## [Activity]
Using the entries below, copy exactly each line from the line with "Producto - Coleccion" up to and including the line with "Tone Fitness Kettlebell", with every picture left out.

## [Information supplied]
━━━━━━━━
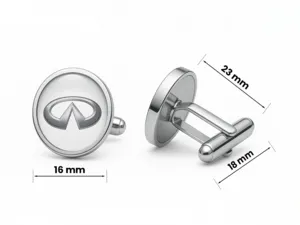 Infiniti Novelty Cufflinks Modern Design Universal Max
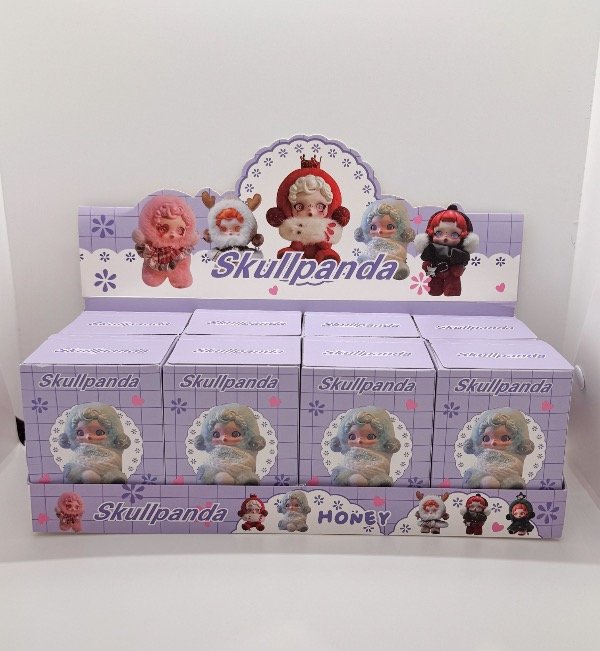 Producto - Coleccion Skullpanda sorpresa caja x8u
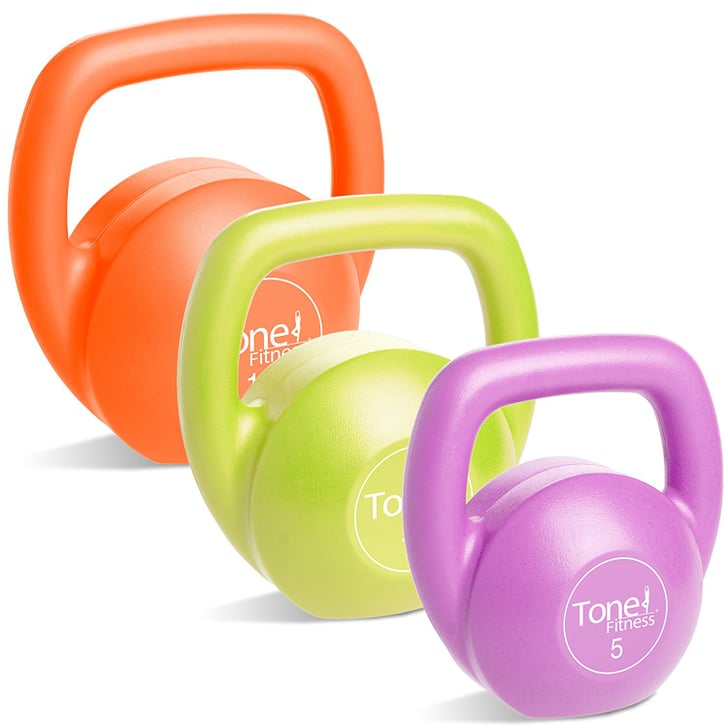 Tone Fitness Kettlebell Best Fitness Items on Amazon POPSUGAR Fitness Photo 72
━━━━━━━━
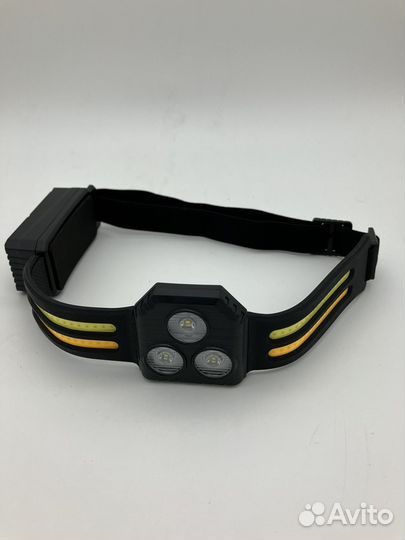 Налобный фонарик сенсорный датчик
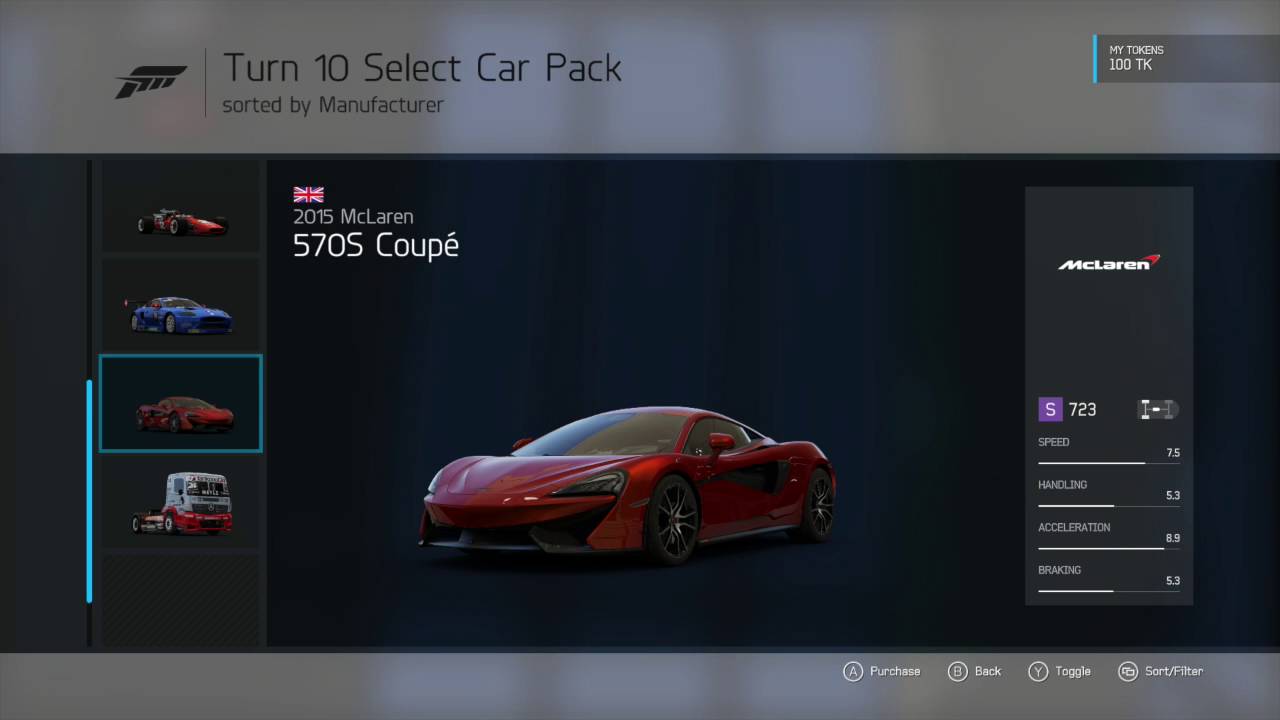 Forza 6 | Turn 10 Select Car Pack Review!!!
━━━━━━━━
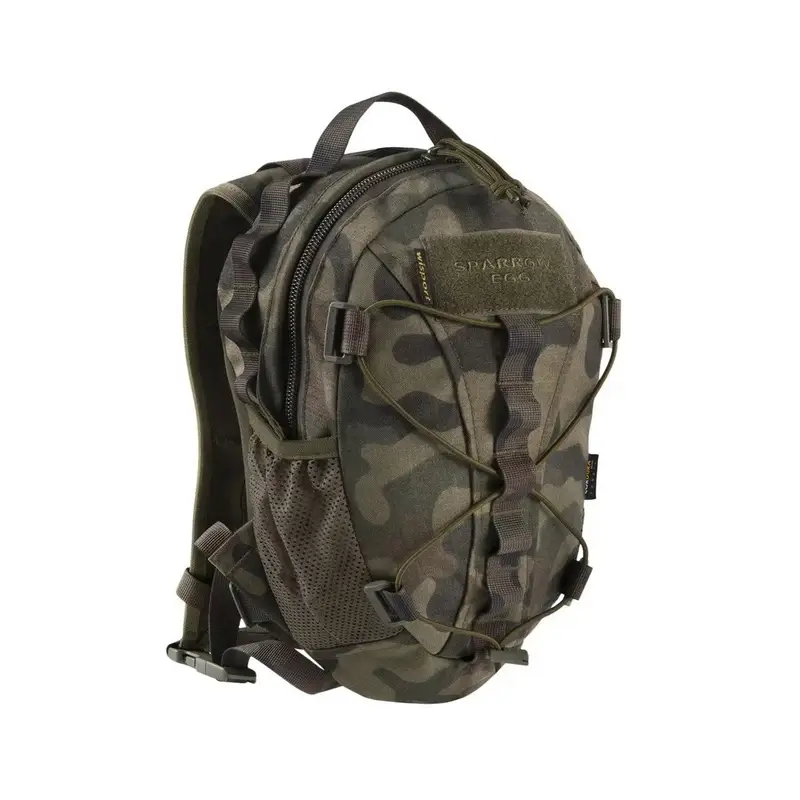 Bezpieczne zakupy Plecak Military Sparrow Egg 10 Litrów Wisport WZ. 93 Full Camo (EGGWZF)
━━━━━━━━
## [Result of this exercise]
 Producto - Coleccion Skullpanda sorpresa caja x8u
 Tone Fitness Kettlebell Best Fitness Items on Amazon POPSUGAR Fitness Photo 72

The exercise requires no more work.